The tax cuts were supposed to unleash economic growth and increase jobs, but so far they’re mainly goosing profits. Since the financial crisis, the total number of full-time employees in banks has hovered around the 2 million mark. There were about 700 more employees in the first quarter than at the end of last year, but that’s almost 5,000 fewer people than a year earlier.

Still, net operating income at banks and savings institutes jumped 28% in the first quarter compared with a year earlier, to $55.9 billion, the FDIC said yesterday. Less than 4% of the 5,606 banks were unprofitable in the first quarter, as loan balances increased.

Without the tax cuts, the industry’s collective net income would have been $49.4 billion, the FDIC estimated.

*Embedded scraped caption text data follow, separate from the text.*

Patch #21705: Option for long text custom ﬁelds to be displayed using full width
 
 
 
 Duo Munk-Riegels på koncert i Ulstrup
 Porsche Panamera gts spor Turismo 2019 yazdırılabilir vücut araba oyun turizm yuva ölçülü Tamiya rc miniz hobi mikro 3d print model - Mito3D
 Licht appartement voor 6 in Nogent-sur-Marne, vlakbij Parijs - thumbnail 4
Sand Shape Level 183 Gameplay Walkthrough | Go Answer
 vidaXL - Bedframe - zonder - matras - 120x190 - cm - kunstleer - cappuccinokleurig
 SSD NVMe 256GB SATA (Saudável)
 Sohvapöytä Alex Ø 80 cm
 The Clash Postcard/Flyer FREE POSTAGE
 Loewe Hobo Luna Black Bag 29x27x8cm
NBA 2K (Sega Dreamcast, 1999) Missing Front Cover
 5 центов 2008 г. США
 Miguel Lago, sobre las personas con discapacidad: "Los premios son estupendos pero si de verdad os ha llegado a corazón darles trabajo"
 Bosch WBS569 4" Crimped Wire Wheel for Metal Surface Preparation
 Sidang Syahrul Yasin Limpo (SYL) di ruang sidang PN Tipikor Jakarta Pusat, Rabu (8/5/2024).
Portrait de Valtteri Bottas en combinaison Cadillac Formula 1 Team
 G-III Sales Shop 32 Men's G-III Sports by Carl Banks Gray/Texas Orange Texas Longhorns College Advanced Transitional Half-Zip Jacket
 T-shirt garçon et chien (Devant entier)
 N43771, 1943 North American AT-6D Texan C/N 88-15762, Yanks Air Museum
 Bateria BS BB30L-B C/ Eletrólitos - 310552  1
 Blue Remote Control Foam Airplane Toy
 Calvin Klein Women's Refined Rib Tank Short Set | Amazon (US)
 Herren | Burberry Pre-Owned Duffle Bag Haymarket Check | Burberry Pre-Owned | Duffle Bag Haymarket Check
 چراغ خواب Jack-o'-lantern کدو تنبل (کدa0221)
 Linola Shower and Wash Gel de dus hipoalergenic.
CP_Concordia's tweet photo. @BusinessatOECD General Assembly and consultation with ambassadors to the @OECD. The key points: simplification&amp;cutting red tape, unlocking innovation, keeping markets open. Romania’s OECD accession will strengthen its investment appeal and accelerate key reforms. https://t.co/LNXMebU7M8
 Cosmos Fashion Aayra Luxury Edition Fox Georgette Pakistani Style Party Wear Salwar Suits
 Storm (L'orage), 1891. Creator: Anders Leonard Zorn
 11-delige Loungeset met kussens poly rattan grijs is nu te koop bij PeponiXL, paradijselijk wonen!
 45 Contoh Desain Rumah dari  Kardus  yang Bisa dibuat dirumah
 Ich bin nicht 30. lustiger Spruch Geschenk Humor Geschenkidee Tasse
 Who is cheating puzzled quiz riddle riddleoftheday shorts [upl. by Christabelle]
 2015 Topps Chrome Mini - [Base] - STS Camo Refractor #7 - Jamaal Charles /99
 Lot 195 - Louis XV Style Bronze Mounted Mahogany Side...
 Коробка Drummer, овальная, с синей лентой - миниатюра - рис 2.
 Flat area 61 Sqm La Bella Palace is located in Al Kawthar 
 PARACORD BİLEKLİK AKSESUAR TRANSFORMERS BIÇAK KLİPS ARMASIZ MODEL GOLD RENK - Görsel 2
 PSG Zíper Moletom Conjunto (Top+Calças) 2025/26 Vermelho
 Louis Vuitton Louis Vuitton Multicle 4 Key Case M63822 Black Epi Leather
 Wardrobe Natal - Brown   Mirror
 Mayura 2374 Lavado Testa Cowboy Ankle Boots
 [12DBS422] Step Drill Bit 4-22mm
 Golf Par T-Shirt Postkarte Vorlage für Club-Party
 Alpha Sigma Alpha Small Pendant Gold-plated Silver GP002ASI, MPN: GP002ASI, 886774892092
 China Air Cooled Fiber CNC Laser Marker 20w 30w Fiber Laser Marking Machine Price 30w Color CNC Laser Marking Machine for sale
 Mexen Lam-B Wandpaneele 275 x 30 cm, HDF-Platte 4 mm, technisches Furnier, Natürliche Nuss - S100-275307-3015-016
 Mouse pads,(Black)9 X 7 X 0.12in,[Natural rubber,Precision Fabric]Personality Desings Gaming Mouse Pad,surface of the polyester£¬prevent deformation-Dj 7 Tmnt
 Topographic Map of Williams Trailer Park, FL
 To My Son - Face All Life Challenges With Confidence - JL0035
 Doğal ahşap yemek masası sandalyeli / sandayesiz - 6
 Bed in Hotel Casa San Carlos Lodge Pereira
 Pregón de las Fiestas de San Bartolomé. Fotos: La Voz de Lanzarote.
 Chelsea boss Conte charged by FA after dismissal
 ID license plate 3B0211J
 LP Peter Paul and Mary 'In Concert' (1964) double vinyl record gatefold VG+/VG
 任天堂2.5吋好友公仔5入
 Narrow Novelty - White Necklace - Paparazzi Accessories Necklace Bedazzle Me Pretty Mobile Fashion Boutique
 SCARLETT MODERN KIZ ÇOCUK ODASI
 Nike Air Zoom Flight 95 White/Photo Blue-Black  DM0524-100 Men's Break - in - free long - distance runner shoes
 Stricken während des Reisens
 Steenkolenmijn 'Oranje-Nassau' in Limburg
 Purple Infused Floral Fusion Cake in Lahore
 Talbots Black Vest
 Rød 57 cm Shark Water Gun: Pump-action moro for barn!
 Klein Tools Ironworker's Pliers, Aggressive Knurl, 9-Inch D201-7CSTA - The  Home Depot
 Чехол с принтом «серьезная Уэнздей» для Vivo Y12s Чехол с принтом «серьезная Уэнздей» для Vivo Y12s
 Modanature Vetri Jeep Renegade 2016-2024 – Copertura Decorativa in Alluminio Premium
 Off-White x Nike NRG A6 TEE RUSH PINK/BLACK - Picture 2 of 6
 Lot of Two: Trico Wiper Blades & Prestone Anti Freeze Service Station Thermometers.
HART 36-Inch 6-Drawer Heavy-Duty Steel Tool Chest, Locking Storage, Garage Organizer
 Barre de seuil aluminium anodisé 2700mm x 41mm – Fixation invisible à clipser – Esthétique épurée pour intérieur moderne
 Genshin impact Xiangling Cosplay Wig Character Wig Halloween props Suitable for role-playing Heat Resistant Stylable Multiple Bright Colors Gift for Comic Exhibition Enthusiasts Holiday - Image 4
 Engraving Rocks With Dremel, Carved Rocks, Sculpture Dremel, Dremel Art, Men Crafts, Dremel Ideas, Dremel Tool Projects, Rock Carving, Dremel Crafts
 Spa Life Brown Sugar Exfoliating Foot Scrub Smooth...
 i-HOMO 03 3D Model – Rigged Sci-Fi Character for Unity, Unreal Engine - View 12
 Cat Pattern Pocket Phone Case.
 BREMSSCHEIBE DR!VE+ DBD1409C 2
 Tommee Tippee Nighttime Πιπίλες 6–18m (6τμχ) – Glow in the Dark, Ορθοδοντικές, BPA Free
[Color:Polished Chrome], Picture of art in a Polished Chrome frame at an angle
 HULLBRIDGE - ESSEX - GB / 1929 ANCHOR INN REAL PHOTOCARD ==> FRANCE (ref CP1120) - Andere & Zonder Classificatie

That said, the FDIC isn’t handing out champagne flutes. Years of record-low interest rates following the financial crisis led banks to decisions that might come back to haunt them now that interest rates are rising. That shift and “an increasingly competitive lending environment have led some institutions to reach for yield,” FDIC chairman Martin Gruenberg said in a statement. “This has led to heightened exposure to interest-rate risk, liquidity risk, and credit risk.” Gruenberg also warns of an “inevitable downturn” that banks needs to be prepared for. He says the current economic expansion is in its latter stage and banks need to be ready to keep lending when it all goes south.

All that pressure is also on fewer banks. In 1984, when the FDIC data starts, there were about 18,000 banks and savings institutions insured by the corporation. Today, the number is at a record low of 5,606.